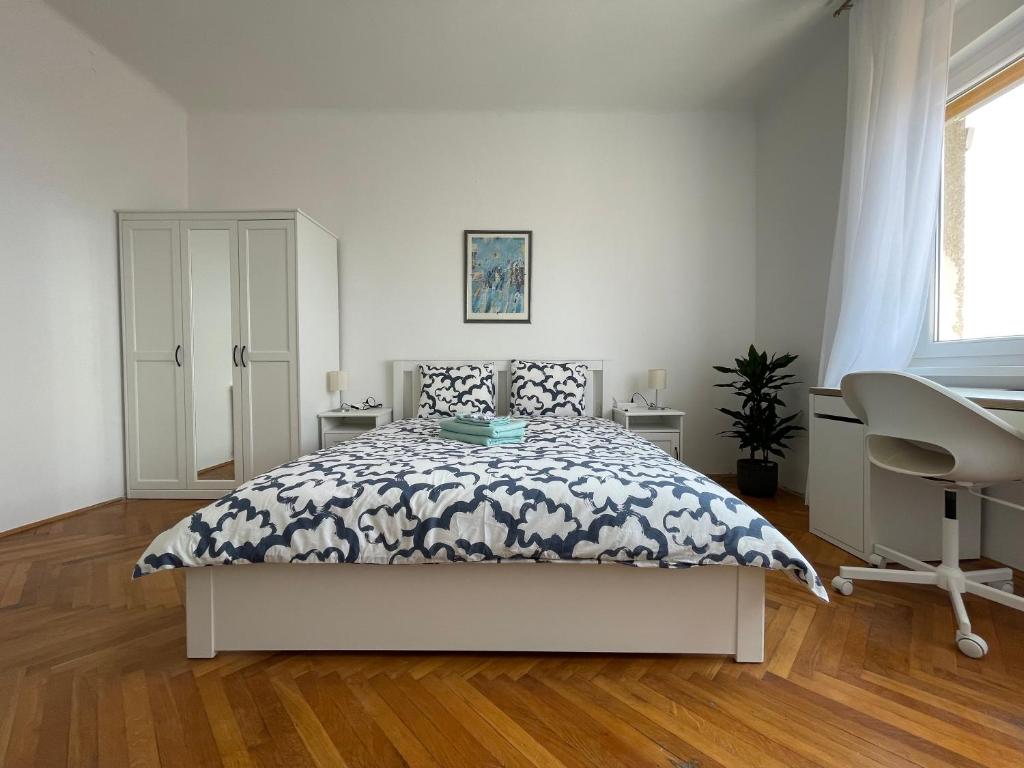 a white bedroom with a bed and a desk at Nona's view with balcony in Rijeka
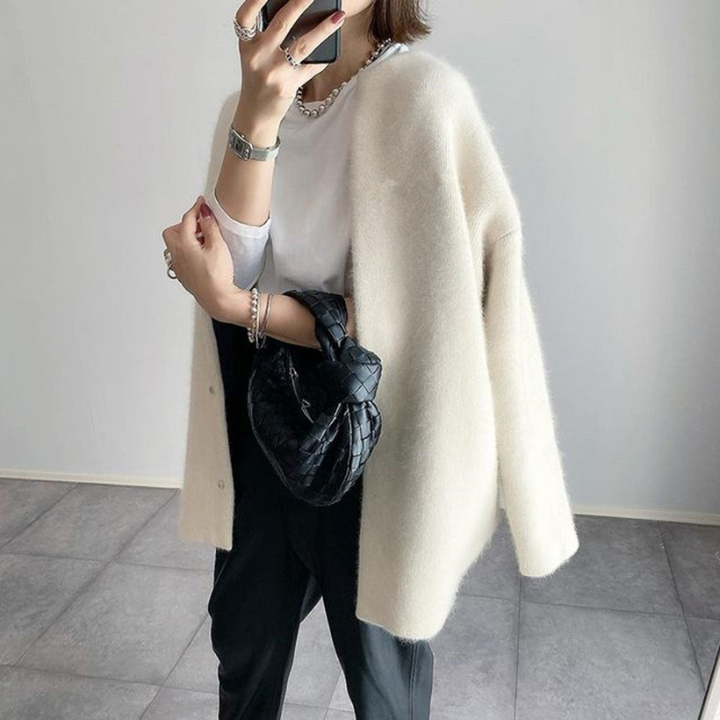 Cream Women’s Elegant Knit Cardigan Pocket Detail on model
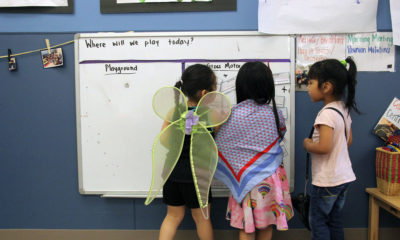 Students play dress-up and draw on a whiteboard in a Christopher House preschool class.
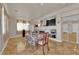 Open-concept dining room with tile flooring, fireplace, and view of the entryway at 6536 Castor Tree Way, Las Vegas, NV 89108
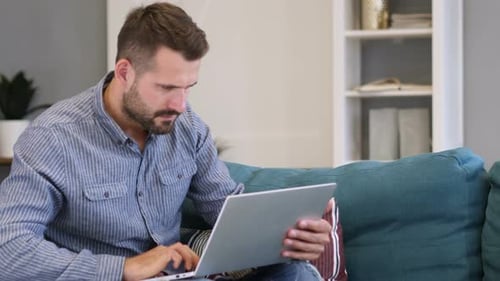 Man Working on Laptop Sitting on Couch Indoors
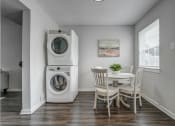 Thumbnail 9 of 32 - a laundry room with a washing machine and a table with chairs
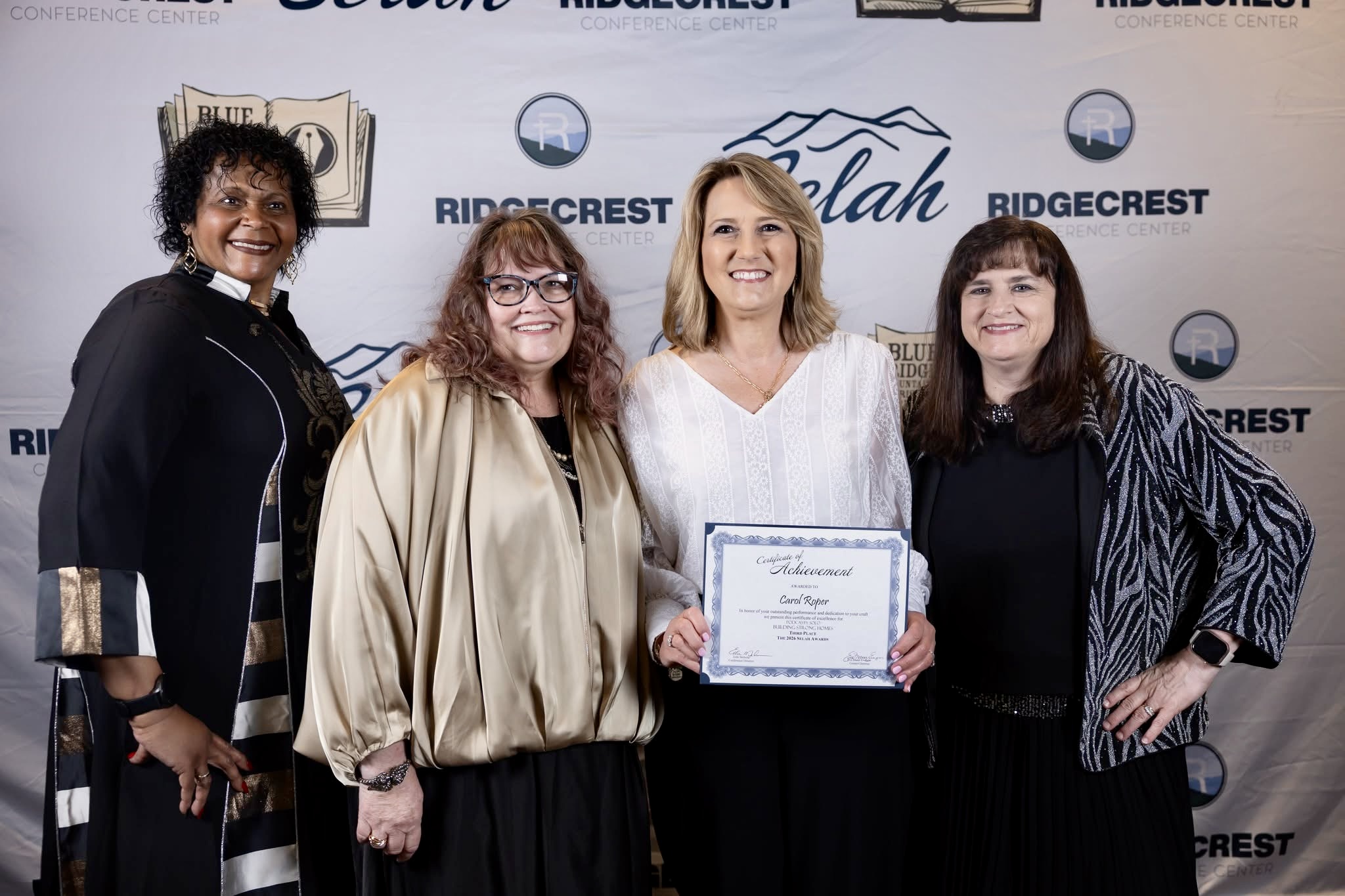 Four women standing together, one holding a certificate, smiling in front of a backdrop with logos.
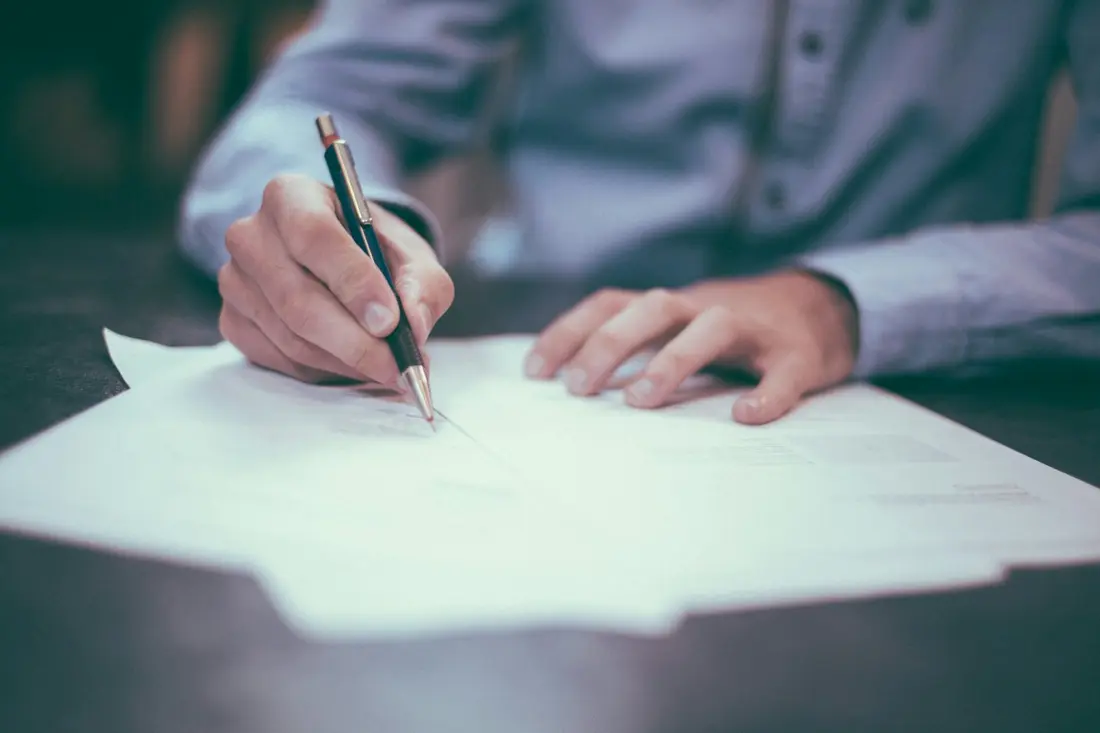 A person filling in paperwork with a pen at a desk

**Task description**
Wherever an image appears, omit it; copy the rest of the records exactly.

**Written response**
 a white bedroom with a bed and a desk at Nona's view with balcony in Rijeka
 Cream Women’s Elegant Knit Cardigan Pocket Detail on model
 Students play dress-up and draw on a whiteboard in a Christopher House preschool class.
 Open-concept dining room with tile flooring, fireplace, and view of the entryway at 6536 Castor Tree Way, Las Vegas, NV 89108
 Man Working on Laptop Sitting on Couch Indoors
 Thumbnail 9 of 32 - a laundry room with a washing machine and a table with chairs
 Four women standing together, one holding a certificate, smiling in front of a backdrop with logos.
 A person filling in paperwork with a pen at a desk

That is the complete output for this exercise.